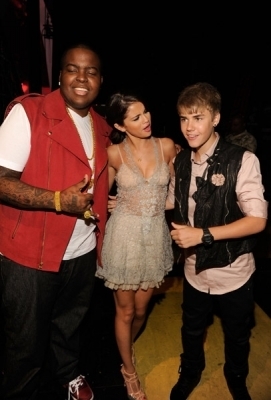 44707876_PDJCXUJRZ - justin bieber o inseala pe selena cu un model brazilian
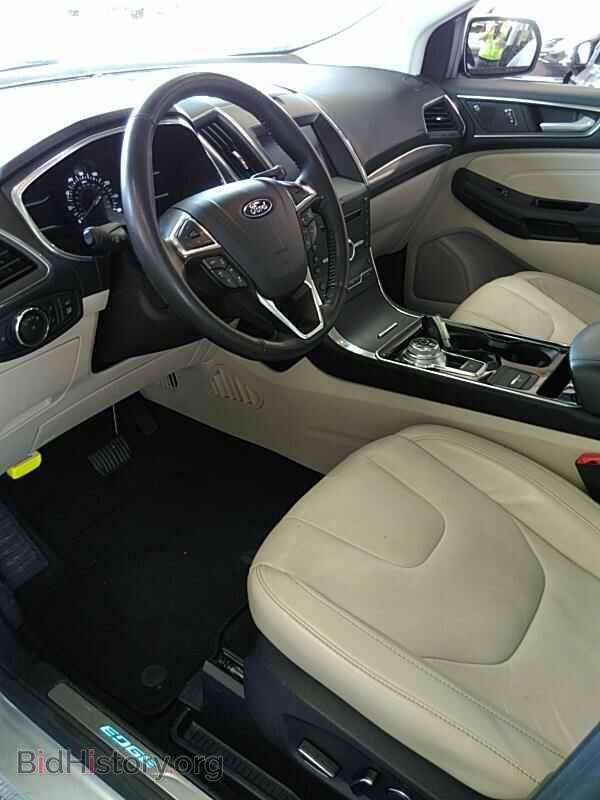 2019 Ford Edge - VIN: 2FMPK3K99KBC24757 - Photo 3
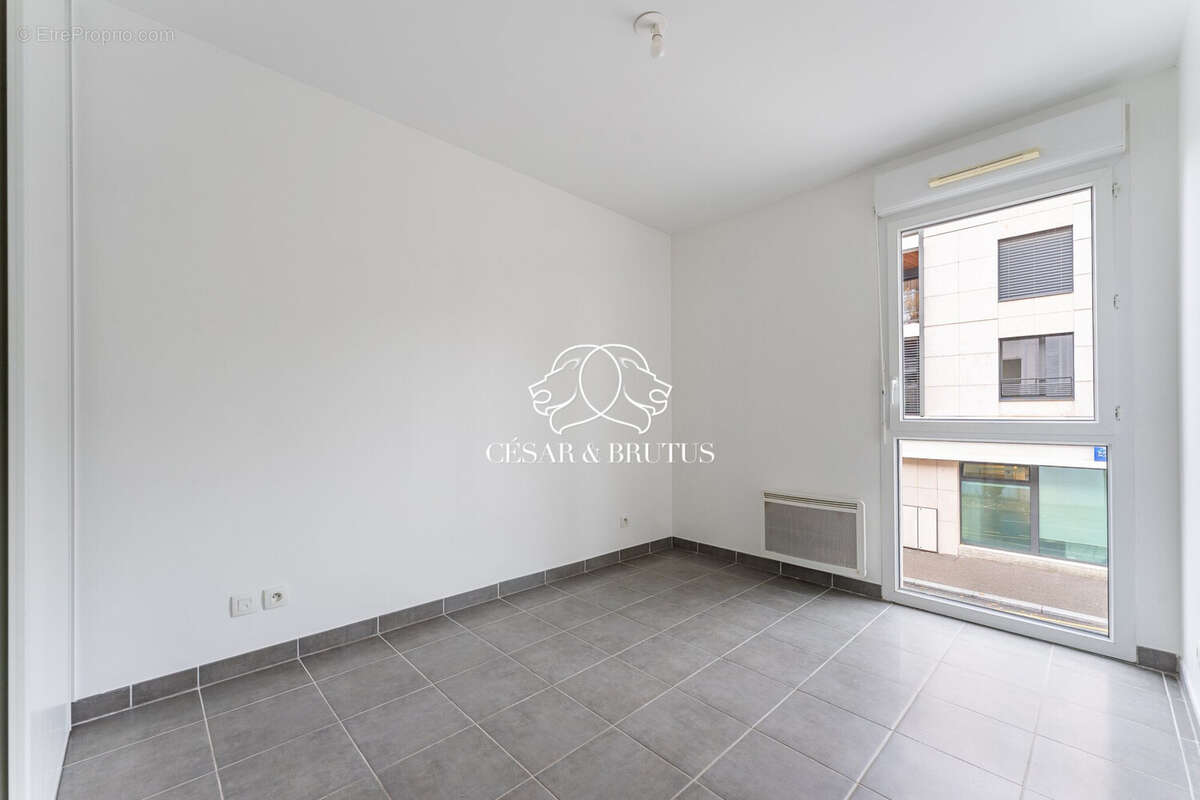 Appartement à TASSIN-LA-DEMI-LUNE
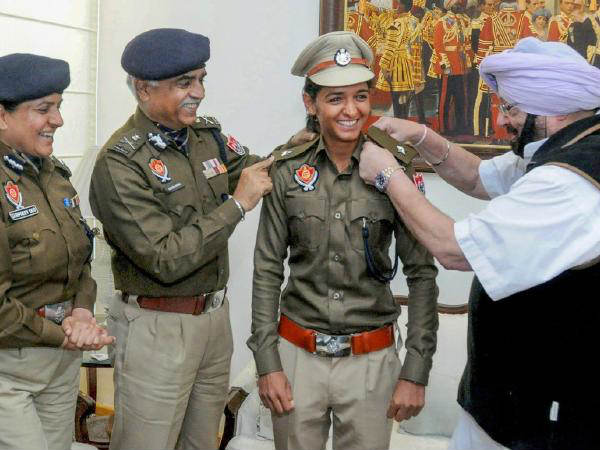  డీఎస్పీ పదవి నుంచి కానిస్టేబుల్‌ ఉద్యోగం 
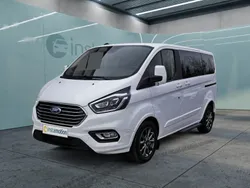 Weiß Gebraucht 2023 Ford Tourneo Custom Titanium X Van / Kleinbus | 44.150 € (Fairer Preis)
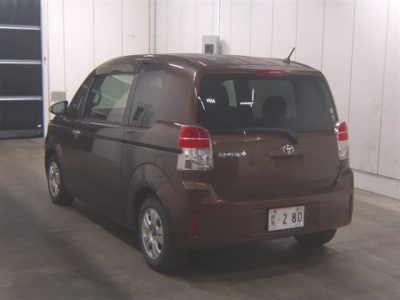 TOYOTA SPADE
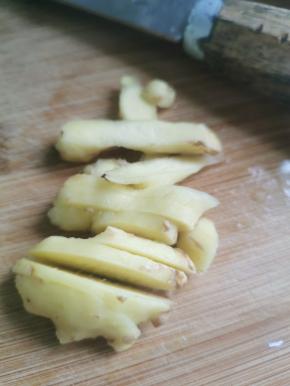 生姜洗干净切片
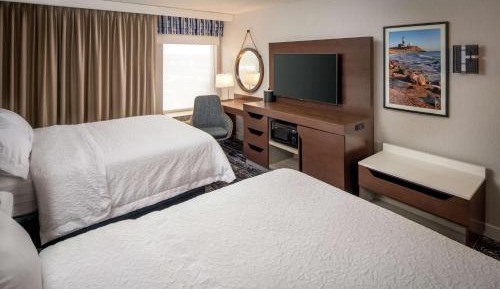 Room with Two Queen Beds - Non-Smoking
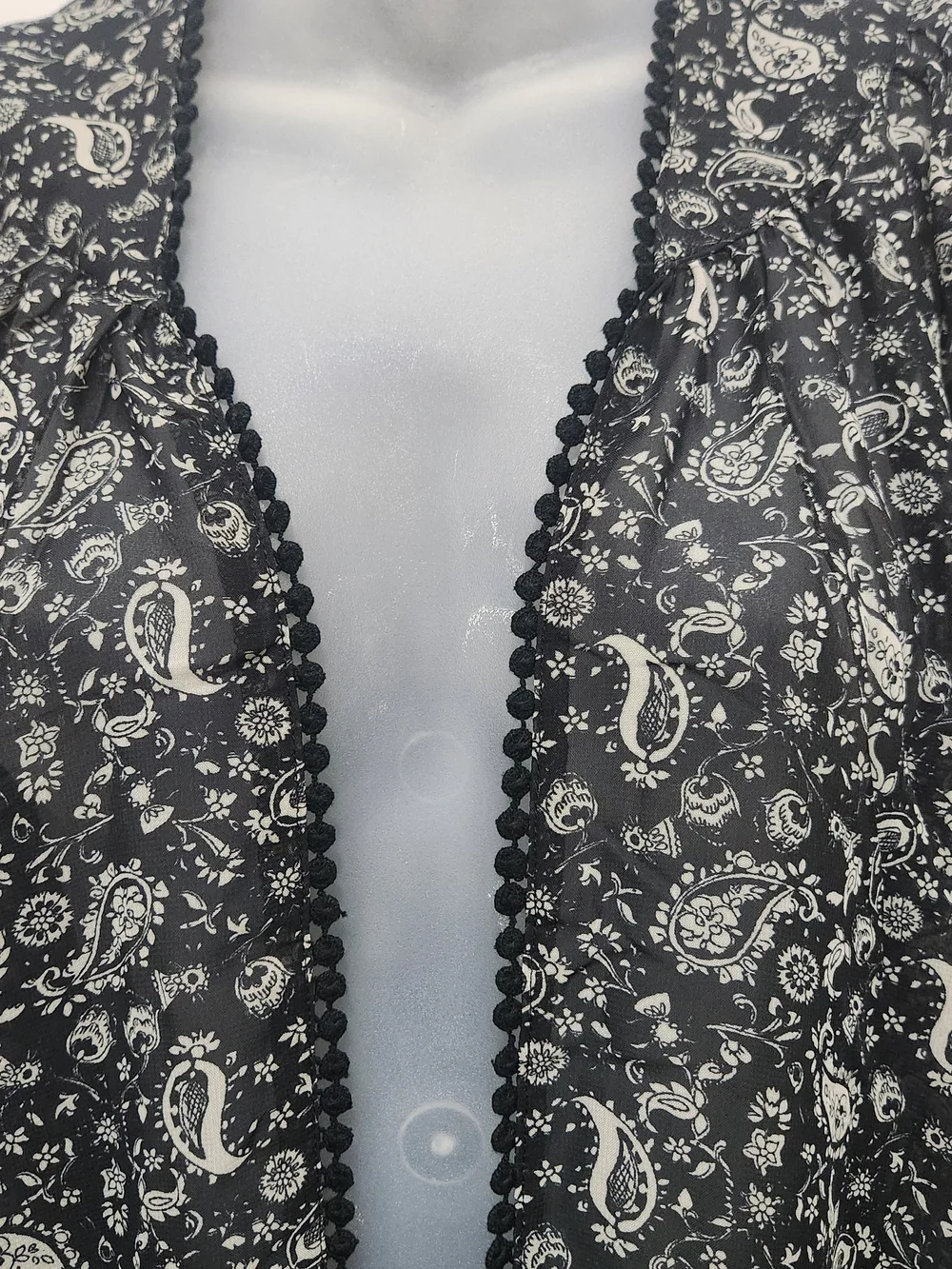 iris sheer black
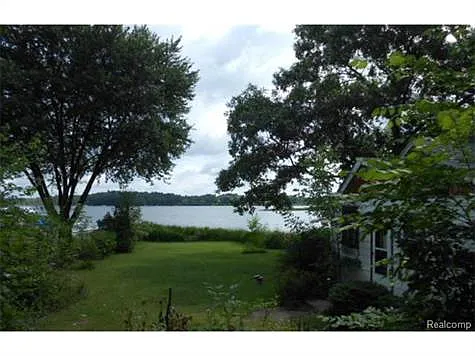 3859 Highcrest Dr photo 1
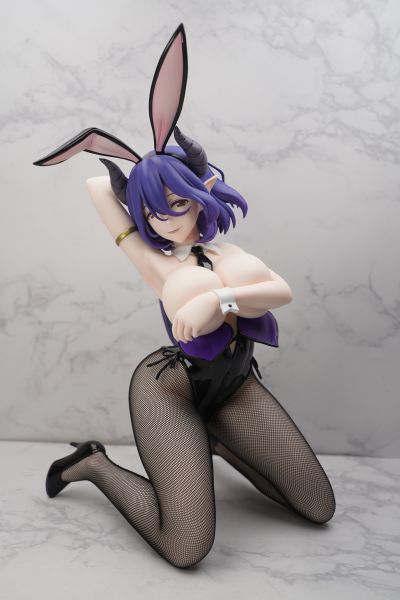 B-style 金装的维尔梅 维尔梅 兔女郎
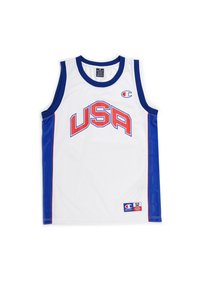 Jersey deportivo blanco con acentos en azul y rojo, "USA" impreso en letras rojas y en negrita. Presenta laterales de malla, cuello redondo y un logo de Champion.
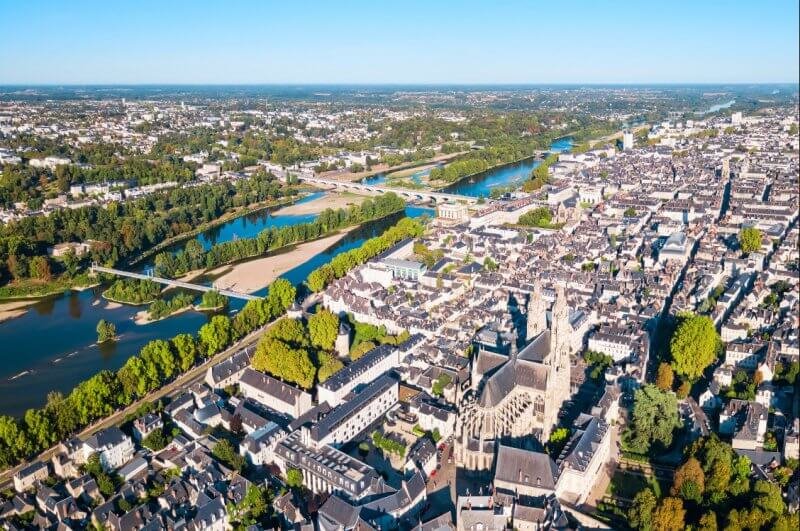 Aerial view of the city Tour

:: EXERCISE ::
Exactly reproduce the lines that run from the first line of the listing above to the line containing "3859 Highcrest Dr photo 1", including both; omit the pictures.

:: SOLVED PROBLEM ::
 44707876_PDJCXUJRZ - justin bieber o inseala pe selena cu un model brazilian
 2019 Ford Edge - VIN: 2FMPK3K99KBC24757 - Photo 3
 Appartement à TASSIN-LA-DEMI-LUNE
  డీఎస్పీ పదవి నుంచి కానిస్టేబుల్‌ ఉద్యోగం 
 Weiß Gebraucht 2023 Ford Tourneo Custom Titanium X Van / Kleinbus | 44.150 € (Fairer Preis)
 TOYOTA SPADE
 生姜洗干净切片
 Room with Two Queen Beds - Non-Smoking
 iris sheer black
 3859 Highcrest Dr photo 1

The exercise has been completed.